DATASET SECTION -
☆ ☆ ☆ ☆

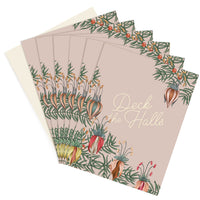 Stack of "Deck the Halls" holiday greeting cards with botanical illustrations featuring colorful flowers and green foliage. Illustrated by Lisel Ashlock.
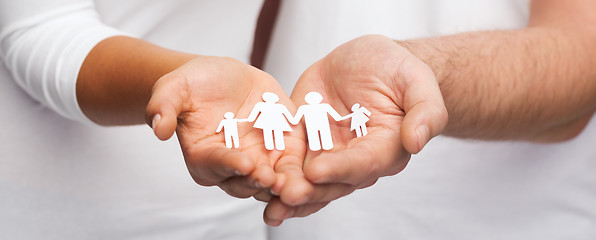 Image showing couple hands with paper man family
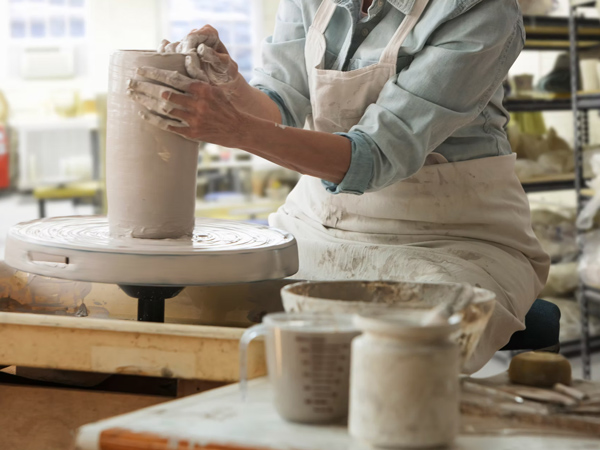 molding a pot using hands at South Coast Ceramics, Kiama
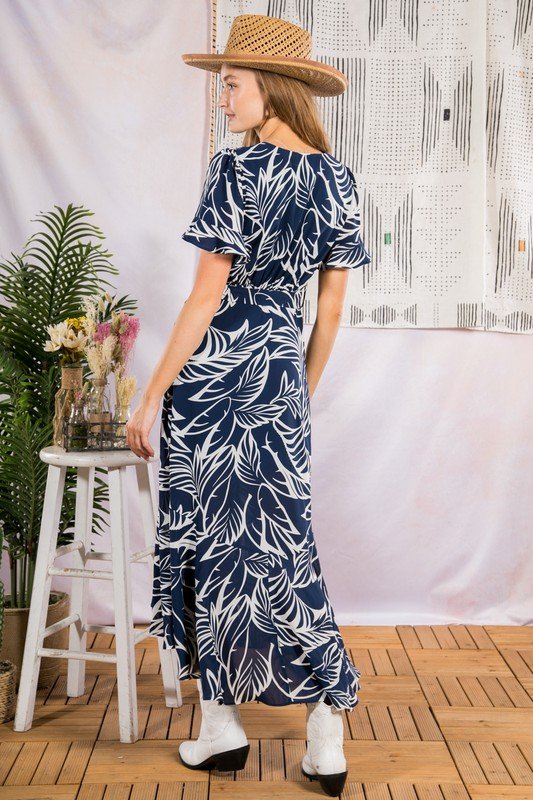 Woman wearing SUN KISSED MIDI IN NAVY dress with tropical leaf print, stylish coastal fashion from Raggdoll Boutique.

☆ ☆ ☆ ☆

WORK ITEM -
Starting with the line that holds "molding a pot", copy every line exactly through the final line of the material, but skip the pictures.

WRITTEN RESPONSE -
 molding a pot using hands at South Coast Ceramics, Kiama
 Woman wearing SUN KISSED MIDI IN NAVY dress with tropical leaf print, stylish coastal fashion from Raggdoll Boutique.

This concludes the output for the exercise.